Management functions
Different levels of management
Top-level management
★ Top-level managers require an extensive knowledge of management roles and skills.
★ They have to be very aware of external factors such as markets.
★ Their decisions are generally of a long-term nature.
★ They are responsible for 'strategic' decisions.
Middle management
★ Mid-level managers have a specialised understanding of certain managerial tasks.
★ They are responsible for and carrying out the decisions made by top-level management.
★ They are responsible for 'tactical' decisions.
Lower management
★ This level of management ensures that the decisions and plans taken by the other two are carried out.
★ Lower-level managers' decisions are generally short-term ones.
★ They are responsible for 'operational' decisions.
Good qualities for a general manager
★ Has educational and management qualifications, and experience
★ Has experience in all of the business's departments
★ Is able to coordinate the departments
★ Is realistic in outlook regarding the business's prospects
★ Has good interpersonal relationships
★ Works for the good of the business
★ Able to plan and act with creativity
★ Believes in own abilities as well as colleagues'
Formation of the business policy
★ The 'mission' of the business is its most obvious purpose -- which may be, for example, to make soap.

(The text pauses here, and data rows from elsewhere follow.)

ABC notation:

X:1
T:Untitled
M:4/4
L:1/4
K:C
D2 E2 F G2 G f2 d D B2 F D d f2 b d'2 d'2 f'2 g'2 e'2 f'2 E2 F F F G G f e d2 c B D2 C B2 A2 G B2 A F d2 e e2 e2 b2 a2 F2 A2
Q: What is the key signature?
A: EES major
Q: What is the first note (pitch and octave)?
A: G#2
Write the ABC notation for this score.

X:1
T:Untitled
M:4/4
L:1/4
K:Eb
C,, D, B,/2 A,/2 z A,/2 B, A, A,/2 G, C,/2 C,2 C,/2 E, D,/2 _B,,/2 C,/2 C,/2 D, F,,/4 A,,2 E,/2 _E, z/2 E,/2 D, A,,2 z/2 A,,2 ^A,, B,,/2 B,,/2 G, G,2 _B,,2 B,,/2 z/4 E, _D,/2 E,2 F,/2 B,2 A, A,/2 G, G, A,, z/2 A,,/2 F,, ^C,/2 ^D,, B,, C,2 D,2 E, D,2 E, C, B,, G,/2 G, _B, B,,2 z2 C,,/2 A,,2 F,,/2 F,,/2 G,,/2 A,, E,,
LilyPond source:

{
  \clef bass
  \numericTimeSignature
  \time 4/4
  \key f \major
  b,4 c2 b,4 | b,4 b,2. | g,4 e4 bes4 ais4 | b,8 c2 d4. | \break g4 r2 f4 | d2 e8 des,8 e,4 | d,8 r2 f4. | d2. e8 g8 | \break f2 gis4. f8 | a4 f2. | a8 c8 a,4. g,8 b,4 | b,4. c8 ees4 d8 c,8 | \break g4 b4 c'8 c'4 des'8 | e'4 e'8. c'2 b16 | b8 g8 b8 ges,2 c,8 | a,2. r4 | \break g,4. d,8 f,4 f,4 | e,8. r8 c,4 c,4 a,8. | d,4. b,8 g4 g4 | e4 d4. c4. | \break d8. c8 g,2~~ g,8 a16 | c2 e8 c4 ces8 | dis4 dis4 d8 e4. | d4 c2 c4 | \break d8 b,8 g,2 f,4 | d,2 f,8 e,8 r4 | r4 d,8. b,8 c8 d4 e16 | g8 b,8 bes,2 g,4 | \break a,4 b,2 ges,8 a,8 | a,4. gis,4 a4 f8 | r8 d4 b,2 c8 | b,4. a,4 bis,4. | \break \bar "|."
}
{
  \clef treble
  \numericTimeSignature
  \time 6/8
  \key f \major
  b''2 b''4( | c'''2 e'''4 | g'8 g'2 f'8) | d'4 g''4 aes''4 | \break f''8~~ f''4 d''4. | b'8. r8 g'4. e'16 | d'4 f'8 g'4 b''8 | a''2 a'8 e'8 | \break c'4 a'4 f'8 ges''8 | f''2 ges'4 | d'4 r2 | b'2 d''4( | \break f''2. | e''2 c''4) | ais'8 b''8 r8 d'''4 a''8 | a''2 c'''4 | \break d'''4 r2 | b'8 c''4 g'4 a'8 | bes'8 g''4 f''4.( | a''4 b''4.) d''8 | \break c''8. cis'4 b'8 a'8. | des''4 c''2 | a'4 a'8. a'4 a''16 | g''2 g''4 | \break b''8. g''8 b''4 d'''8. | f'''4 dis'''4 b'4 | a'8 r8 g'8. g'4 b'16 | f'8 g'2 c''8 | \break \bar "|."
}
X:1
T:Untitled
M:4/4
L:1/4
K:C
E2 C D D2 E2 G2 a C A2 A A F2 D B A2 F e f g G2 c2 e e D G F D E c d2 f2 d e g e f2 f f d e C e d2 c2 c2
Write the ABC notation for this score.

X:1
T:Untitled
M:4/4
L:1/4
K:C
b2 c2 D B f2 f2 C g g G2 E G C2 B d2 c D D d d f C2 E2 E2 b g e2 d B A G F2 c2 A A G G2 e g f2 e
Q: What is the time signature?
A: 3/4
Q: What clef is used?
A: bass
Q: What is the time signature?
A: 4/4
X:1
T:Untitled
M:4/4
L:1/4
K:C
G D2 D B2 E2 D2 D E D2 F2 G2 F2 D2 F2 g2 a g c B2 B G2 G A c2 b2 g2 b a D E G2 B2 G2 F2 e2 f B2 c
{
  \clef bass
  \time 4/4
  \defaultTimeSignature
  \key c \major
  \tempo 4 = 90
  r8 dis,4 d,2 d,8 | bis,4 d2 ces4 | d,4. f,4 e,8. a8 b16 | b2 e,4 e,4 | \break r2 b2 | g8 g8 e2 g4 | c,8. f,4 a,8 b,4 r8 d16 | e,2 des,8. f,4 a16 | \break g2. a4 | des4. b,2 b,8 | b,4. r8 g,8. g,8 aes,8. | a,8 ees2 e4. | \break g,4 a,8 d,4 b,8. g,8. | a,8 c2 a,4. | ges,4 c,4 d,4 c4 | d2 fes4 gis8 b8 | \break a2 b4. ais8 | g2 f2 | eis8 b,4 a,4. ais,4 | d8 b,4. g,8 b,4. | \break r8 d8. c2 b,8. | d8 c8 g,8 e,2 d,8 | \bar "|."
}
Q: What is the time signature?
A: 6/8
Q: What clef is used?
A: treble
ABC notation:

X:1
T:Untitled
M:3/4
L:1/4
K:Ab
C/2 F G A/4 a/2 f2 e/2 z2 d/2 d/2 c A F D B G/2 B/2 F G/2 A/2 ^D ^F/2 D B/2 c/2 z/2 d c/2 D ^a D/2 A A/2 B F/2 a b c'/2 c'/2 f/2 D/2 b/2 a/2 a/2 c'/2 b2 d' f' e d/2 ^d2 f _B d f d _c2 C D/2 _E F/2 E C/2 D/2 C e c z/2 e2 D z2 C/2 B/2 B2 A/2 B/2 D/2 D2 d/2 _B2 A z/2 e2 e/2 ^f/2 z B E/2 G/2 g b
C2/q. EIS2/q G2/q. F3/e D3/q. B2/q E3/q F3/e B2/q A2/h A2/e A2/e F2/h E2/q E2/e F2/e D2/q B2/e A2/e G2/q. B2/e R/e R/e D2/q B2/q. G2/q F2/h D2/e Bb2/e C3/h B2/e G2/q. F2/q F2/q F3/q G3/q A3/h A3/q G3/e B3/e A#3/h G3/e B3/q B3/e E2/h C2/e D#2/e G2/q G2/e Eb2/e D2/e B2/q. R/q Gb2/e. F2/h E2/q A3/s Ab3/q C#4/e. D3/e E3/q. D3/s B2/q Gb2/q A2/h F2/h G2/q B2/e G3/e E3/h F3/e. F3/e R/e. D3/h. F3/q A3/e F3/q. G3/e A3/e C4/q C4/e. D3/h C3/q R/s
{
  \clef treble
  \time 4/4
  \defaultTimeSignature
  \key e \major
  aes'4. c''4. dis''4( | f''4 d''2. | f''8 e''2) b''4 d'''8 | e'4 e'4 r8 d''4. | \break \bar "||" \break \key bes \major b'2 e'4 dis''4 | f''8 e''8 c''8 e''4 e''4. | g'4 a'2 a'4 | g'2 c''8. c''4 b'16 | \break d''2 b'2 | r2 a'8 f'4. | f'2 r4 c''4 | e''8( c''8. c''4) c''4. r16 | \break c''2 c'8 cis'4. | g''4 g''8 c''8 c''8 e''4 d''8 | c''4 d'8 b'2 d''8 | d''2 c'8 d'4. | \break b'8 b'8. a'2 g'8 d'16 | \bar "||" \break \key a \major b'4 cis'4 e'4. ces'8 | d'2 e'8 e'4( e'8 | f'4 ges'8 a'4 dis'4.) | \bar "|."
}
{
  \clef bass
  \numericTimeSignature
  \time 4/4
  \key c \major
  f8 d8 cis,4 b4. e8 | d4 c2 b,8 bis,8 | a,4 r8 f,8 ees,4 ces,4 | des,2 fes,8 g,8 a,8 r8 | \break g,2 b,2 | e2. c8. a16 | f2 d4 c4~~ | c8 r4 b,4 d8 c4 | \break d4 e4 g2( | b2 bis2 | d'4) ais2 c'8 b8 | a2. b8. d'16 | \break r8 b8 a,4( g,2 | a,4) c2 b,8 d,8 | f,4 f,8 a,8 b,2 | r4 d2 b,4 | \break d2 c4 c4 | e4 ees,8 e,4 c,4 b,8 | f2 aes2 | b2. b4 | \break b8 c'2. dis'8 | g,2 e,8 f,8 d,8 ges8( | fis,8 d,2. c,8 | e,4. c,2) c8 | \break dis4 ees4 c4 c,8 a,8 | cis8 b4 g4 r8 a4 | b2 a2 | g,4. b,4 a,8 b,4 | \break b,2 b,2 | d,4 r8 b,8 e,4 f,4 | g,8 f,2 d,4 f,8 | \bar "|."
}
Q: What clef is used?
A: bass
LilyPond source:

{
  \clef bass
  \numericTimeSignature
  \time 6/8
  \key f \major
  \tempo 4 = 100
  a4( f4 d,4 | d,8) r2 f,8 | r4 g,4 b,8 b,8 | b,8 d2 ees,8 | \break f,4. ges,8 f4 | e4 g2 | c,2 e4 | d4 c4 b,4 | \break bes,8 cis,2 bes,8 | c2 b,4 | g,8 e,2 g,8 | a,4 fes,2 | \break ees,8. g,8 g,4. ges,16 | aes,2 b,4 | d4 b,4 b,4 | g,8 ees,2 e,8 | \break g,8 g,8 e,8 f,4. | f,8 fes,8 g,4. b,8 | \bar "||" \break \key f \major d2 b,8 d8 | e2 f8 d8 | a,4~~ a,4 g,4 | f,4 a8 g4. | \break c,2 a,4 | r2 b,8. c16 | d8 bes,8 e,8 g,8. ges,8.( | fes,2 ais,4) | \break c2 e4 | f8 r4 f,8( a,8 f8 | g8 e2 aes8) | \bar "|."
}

★ The 'objective' of the business refers to the ends or activity at which a certain task is aimed.
★ The business's 'policy' is a guide that stipulates rules, regulations and objectives, and may be used in the managers' decision-making. It must be flexible and easily interpreted and understood by all employees.
★ The business's 'strategy' refers to the plan of action that it is going to take, as well as the resources that it will be using, to achieve its mission and objectives. It is a guideline to managers, stipulating how they ought to use best the factors of production to the business's advantage. Initially, it could help the managers decide on what type of business they want to form.
How to implement policies and strategies
★ All policies and strategies must be discussed with all managerial personnel and staff.
★ Managers must understand where and how they can implement their policies and strategies.
★ A plan of action must be devised for each department.
★ Policies and strategies must be reviewed regularly.
★ Contingency plans must be devised in case the environment changes.
★ Assessments of progress ought to be carried out regularly by top-level mangers.
★ A good environment is required within the business.
The development of policies and strategies
★ The missions, objectives, strengths and weaknesses of each department must be analysed to determine their roles in achieving the business's mission.
★ The 'forecasting method' develops a reliable picture of the business's future environment.
★ A 'planning unit' must be created to ensure that all plans are consistent and that policies and strategies are aimed at achieving the same mission and objectives.
★ Contingency plans must be developed, just in case.
All policies must be discussed with all managerial personnel and staff that is required in the execution of any departmental policy
Where policies and strategies fit into the planning process
★ They give mid- and lower-level managers a good idea of the future plans for each department.
★ A framework is created whereby plans and decisions are made.
★ Mid- and lower-level management may add their own plans to the business's strategic ones.
Basic elements of management
Management operates through various functions, often classified as planning, organizing, leading/motivating and controlling.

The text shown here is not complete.